Recently I decided to re-evaluate my company’s vulnerability scanning options. The problem wasn’t functionality, accuracy, or cost. The problem was service. I was using two vendors: a cloud provider for external scanning, and a company that sold virtual appliances for internal deployment. Over the past few years, one of the vendors had been acquired twice, and over time that vendor’s service became miserable.

Support requests that were once answered directly by an analyst were now routed through low-level technicians who often didn’t have the answer on hand. I understand that a growing security vendor has to cope with scale, but it routinely took 24 hours for a callback. That’s frustrating, particularly if I’m dealing with an emergency.

I also had no idea who my sales rep was. The rep listed in my portal was no longer with the company. In fact, my only reliable contact from the company was an automated e-mail when it was time to renew our annual subscription. Whenever I did manage to get someone on the phone, they pushed multi-year contracts. If I’m already dissatisfied, why would I want a long-term commitment?
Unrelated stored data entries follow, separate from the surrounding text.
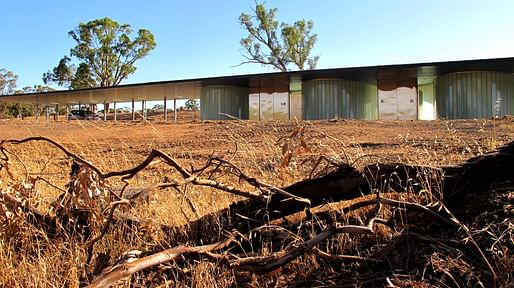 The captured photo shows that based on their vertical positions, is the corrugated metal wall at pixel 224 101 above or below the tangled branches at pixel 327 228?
above

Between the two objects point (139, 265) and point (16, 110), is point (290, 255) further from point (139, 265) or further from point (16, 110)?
point (16, 110)

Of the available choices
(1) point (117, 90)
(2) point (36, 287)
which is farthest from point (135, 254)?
(1) point (117, 90)

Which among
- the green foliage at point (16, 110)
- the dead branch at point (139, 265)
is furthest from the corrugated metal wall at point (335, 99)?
the green foliage at point (16, 110)

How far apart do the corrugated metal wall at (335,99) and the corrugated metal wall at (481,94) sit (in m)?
4.59

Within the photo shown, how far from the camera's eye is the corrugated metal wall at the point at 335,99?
2630cm

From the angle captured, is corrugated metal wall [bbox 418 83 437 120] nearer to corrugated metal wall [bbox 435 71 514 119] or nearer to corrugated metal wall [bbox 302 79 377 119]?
corrugated metal wall [bbox 435 71 514 119]

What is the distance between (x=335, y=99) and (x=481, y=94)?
7.32 m

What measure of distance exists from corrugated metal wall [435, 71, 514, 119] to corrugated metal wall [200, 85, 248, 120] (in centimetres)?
1198

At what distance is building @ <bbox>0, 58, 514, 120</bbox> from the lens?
77.8 feet

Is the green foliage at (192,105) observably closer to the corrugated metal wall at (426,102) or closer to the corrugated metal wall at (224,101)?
the corrugated metal wall at (224,101)

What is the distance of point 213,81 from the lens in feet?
93.8

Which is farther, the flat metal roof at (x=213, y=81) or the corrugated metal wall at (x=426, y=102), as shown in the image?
the corrugated metal wall at (x=426, y=102)

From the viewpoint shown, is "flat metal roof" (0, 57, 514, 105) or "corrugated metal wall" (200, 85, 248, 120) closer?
"flat metal roof" (0, 57, 514, 105)

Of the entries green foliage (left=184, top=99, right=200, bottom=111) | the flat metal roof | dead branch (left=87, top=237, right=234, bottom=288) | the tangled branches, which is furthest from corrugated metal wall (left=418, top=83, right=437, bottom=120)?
green foliage (left=184, top=99, right=200, bottom=111) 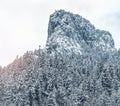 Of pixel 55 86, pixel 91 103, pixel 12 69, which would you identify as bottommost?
pixel 91 103

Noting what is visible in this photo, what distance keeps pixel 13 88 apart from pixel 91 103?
35986 mm

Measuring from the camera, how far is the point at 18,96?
130500 millimetres

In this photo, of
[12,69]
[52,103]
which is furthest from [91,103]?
[12,69]

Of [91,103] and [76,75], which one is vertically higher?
[76,75]

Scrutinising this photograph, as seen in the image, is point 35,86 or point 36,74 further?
point 36,74

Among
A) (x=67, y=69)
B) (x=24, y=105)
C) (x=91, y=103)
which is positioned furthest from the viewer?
(x=67, y=69)

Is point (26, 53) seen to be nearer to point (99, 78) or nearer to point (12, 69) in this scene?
point (12, 69)

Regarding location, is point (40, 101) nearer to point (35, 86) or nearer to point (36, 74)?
point (35, 86)

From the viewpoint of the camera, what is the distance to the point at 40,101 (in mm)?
129375

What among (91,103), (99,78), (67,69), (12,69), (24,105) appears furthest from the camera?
(12,69)

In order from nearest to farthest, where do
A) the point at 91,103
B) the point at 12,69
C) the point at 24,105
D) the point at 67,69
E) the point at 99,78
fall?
the point at 91,103 < the point at 24,105 < the point at 99,78 < the point at 67,69 < the point at 12,69

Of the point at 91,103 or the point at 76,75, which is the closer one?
the point at 91,103

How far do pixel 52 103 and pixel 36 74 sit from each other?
20.9m

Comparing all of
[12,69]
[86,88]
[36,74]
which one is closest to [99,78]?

Since I was taking the time to shop around, I thought that a unified interface to manage the internal and external scanners would be great to have. It turns out my existing internal scanning provider also had an externally hosted product with new PCI-related features. This seemed like a good place to start.

Unfortunately, the unified management package was priced substantially higher than my existing product. I was also dismayed to learn that the vendor was no longer selling the product directly. Instead, I’d have to go through a distributor that likely knew little about vulnerability scanners.

I weighed other options and called a few vendors. I left voicemails, all of which went unanswered -- just the sort of thing I was trying to escape.

Eventually I decided to renew my subscription with my internal vendor and add their cloud-based perimeter service. I declined the unified management option because of the cost, but at least I’m dealing with just one vendor now rather than two.

The move saves my company a couple of thousand dollars per year, but more important to me, I’m no longer rewarding that other vendor for increasingly lackluster service.

Products need to perform as expected, but service and relationship are important too. Even the most straightforward products occasionally require contact with a human. Some companies seem to have forgotten this -- to their detriment.